With Columbus’ cultural and economic ties to Mobile, excursions to Mardi Gras in Mobile were often offered by train or boat. From the last quarter of the 1800s through the 1900s, the Mobile and Ohio Railroad, Southern Railroad, and Illinois Central Railroad all advertised special fares for excursions to Mobile and New Orleans during Mardi Gras. Steamboat trips to the celebrations were also offered.

Such a Tombigbee trip was reported in the Columbus Dispatch of January 16, 1907 under the title: Mardi Gras Excursion. “The liner ‘American’ will make a Mardi Gras excursion to Mobile, Alabama, leaving that city on the morning of February 5 and returning a week later. Two days will be consumed in the journey to the city, arriving there in time for the Mardi Gras festivities and departing immediately afterwards.

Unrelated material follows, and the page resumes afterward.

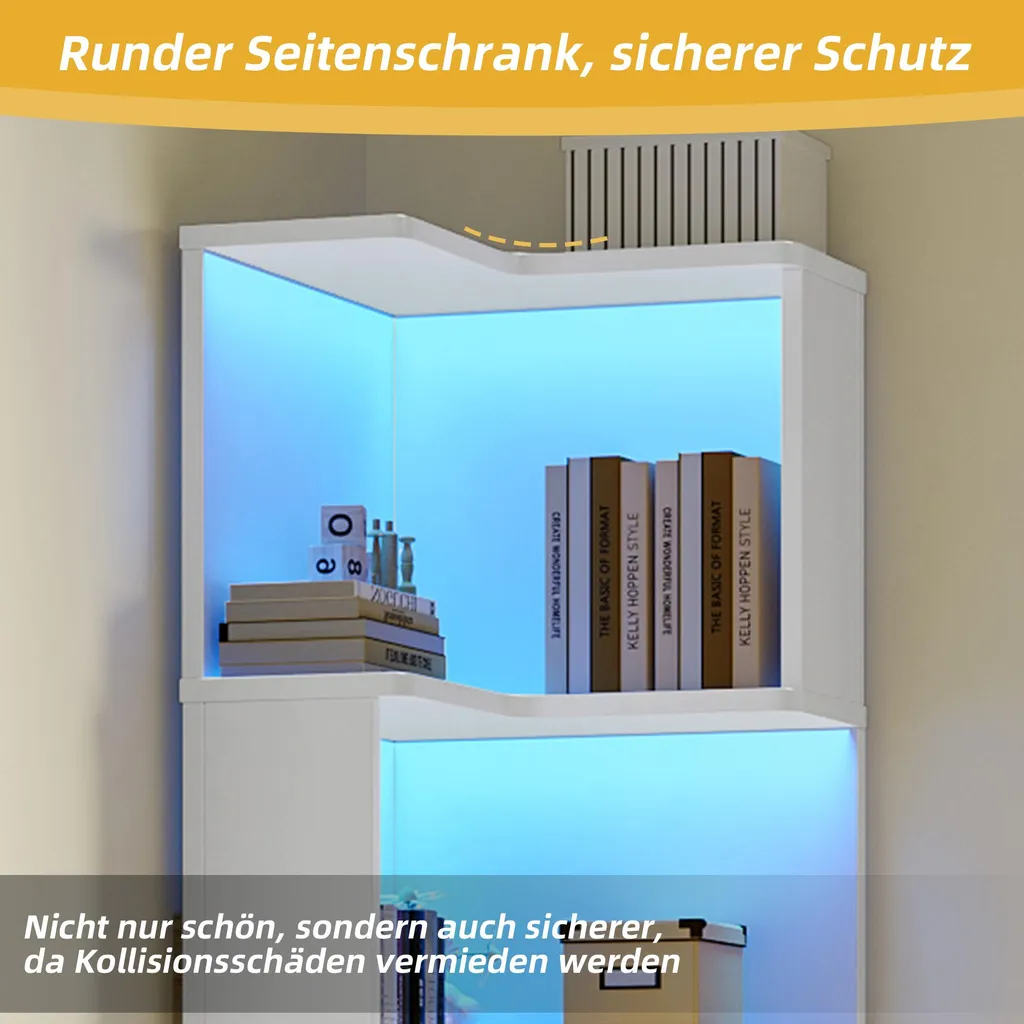 Bibliothèque d'angle LED 175cm : Solution Rangement Gain de Place en L - 11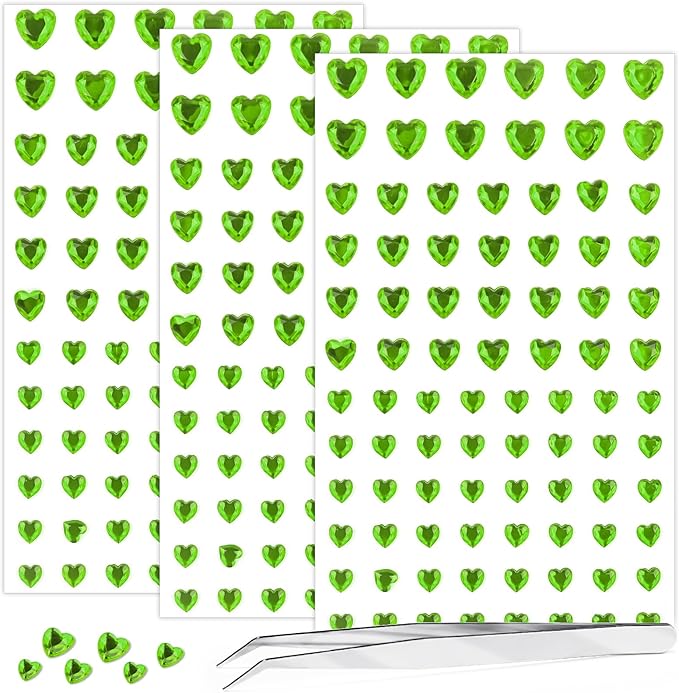 264Pcs Heart Face Gems Love Gems, Self-Adhesive Face Jewels Rhinestones 5/7/10 mm DIY Face Gems Stick on, Valentine Makeup Gems Rave Accessories for Face Eyes Hair Makeup Body, Crafts (Green)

Round trip cost including fare and stateroom occupancy to Mobile will be $25.00, and stateroom reservations can now be made by speaking to the Manager by MJ McClure, Jr.
There will be music and other entertainment on the ship, and only fifty passengers will be carried. A delicious moment is guaranteed.” One can only imagine the delightful time spent aboard this steamer.

A 1903 article in the Columbus Commercial showed that Mardi Gras and people’s opinions about it have changed very little over the past 119 years. According to the newspaper with the start of the Mardi Gras festivities,

“Every southbound train that leaves the city carries many passengers bound for New Orleans and Mobile, the main cities where carnivals take place. Every winter visitors return from these points declaring how the hotels are so crowded and the accommodations of such inferior character that they will never attend another Mardi Gras celebration, but in the months that follow, they seem to forget about the heartbreaking crowds and the many small annoyances. and remember only the pleasures and merriments of the occasion, so that when in the course of time February rolls around again, they are only too eager for the journey, and travel south again to join the crowd maddening.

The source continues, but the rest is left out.